This recent tweet by Andy Bitterer of Gartner Research (and ANALYSTerical) sparked an interesting online discussion, which was vaguely reminiscent of the classic causality dilemma that is commonly stated as “which came first, the chicken or the egg?”
An E-mail from the Edge
On the same day I saw Andy’s tweet, I received an e-mail from a friend and fellow data quality consultant, who had just finished a master data management (MDM) and enterprise data warehouse (EDW) project, which had over 20 customer data sources.
Although he was brought onto the project specifically for data cleansing, he was told from the day of his arrival that because of time constraints, they decided against performing any data cleansing with their recently purchased data quality tool. Instead, they decided to use their data integration tool to simply perform the massive initial load into their new MDM hub and EDW.
But wait—the story gets even better. The very first decision this client made was to purchase a consolidated enterprise application development platform with seamlessly integrated components for data quality, data integration, and master data management.
So long before this client had determined their business need, they decided that they needed to build a new MDM hub and EDW, made a huge investment in an entire platform of technology, then decided to use only the basic data integration functionality.
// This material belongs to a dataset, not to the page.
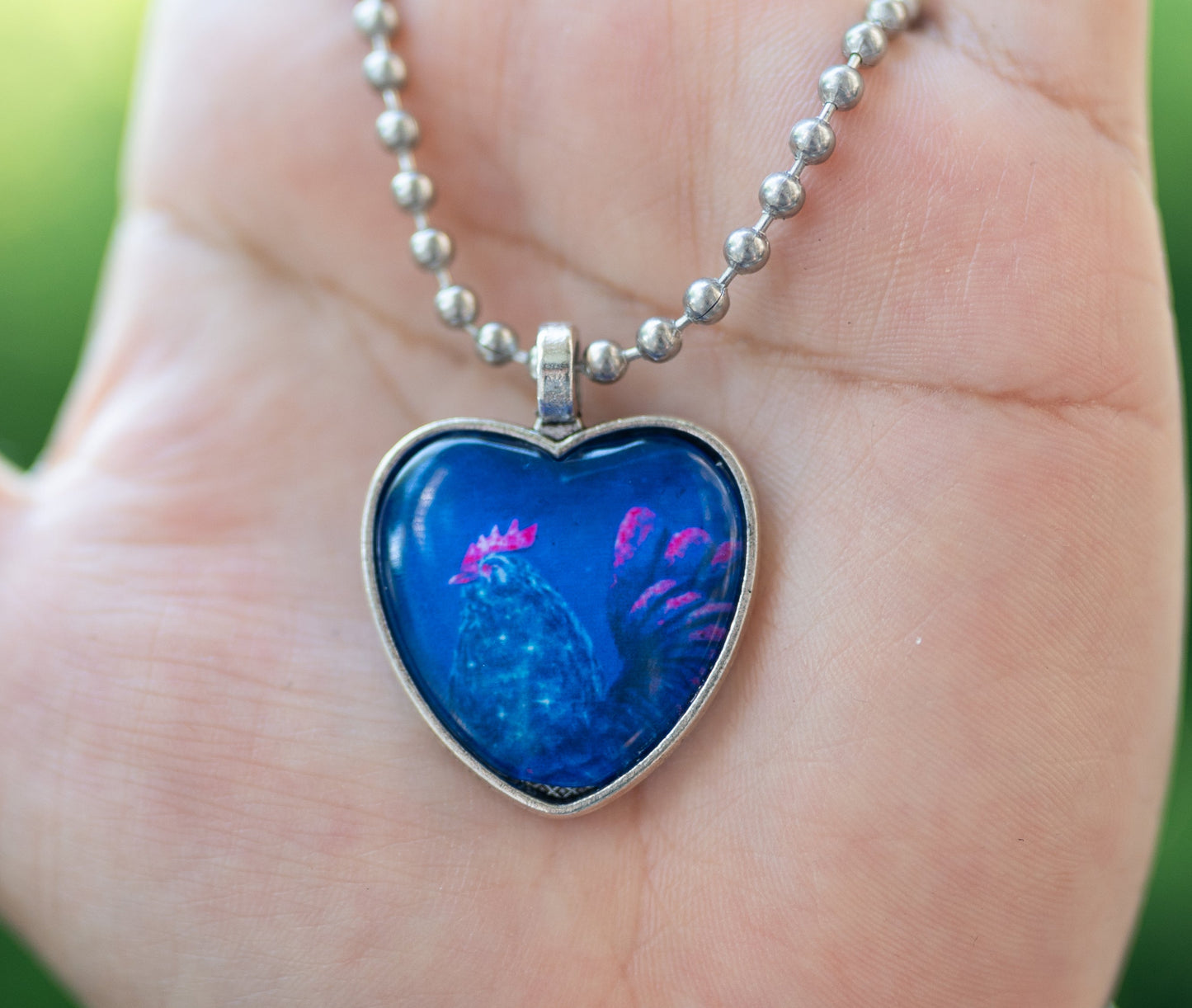 Blue heart-shaped pendant with a blue and pink chicken on a silver chain held in a hand with a blurred green background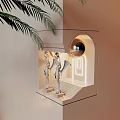 Elegant Wall Lamp with Winged Statues Near Stairs and Arched Doorway and Palm Leaves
However, this client was planning to use the real-time data quality and MDM services provided by their very powerful enterprise application development platform to prevent duplicates and any other bad data from entering the system after the initial load.
But, of course, no one on the project team was actually working on configuring any of those services, or even, for that matter, determining the business rules those services would enforce. Maybe the salesperson told them it was as easy as flipping a switch?
My friend (especially after looking at the data), preached data quality was a critical business need, but he couldn’t convince them, even despite taking the initiative to present the results of some quick data profiling, standardization, and data matching used to identify duplicate records within and across their primary data sources, which clearly demonstrated the level of poor data quality.
Although this client agreed that they definitely had some serious data issues, they still decided against doing any data cleansing and wanted to just get the data loaded. Maybe they thought they were loading the data into one of those self-healing databases?
The punchline—this client is a financial services institution with a business need to better identify their most valuable customers.
As my friend lamented at the end of his e-mail, why do clients often later ask why these types of projects fail?
Blind Vendor Allegiance
In his recent blog post Blind Vendor Allegiance Trumps Utility, Evan Levy examined this bizarrely common phenomenon of selecting a technology vendor without gathering requirements, reviewing product features, and then determining what tool(s) could best help build solutions for specific business problems—another example of the tool coming before the business need.
Evan was recounting his experiences at a major industry conference on MDM, where people were asking his advice on what MDM vendor to choose, despite admitting “we know we need MDM, but our company hasn’t really decided what MDM is.”
Furthermore, these prospective clients had decided to default their purchasing decision to the technology vendor they already do business with, in other words, “since we’re already a [you can just randomly insert the name of a large technology vendor here] shop, we just thought we’d buy their product—so what do you think of their product?”
“I find this type of question interesting and puzzling,” wrote Evan. “Why would anyone blindly purchase a product because of the vendor, rather than focusing on needs, priorities, and cost metrics? Unless a decision has absolutely no risk or cost, I’m not clear how identifying a vendor before identifying the requirements could possibly have a successful outcome.”
SaaS-y Data Quality on a Cloudy Business Day?
Emerging industry trends like open source, cloud computing, and software as a service (SaaS) are often touted as less expensive than traditional technology, and I have heard some use this angle to justify buying the tool before identifying the business need.
In his recent blog post Cloud Application versus On Premise, Myths and Realities, Michael Fauscette examined the return on investment (ROI) versus total cost of ownership (TCO) argument quite prevalent in the SaaS versus on premise software debate.
“Buying and implementing software to generate some necessary business value is a business decision, not a technology decision,” Michael concluded. “The type of technology needed to meet the business requirements comes after defining the business needs. Each delivery model has advantages and disadvantages financially, technically, and in the context of your business.”
So which came first, the Data Quality Tool or the Business Need?
This question is, of course, absurd because, in every rational theory, the business need should always come first. However, in predictably irrational real-world practice, it remains a classic causality dilemma for data quality related enterprise information initiatives such as data integration, master data management, data warehousing, business intelligence, and data governance.
But sometimes the data quality tool was purchased for an earlier project, and despite what some vendor salespeople may tell you, you don’t always need to buy new technology at the beginning of every new enterprise information initiative.
Whenever, and before defining your business need, you already have the technology in-house (or you have previously decided, often due to financial constraints, that you will need to build a bespoke solution), you still need to avoid technology bias.
Knowing how the technology works can sometimes cause a framing effect where your business need is defined in terms of the technology’s specific functionality, thereby framing the objective as a technical problem instead of a business problem.
Bottom line—your business problem should always be well-defined before any potential technology solution is evaluated.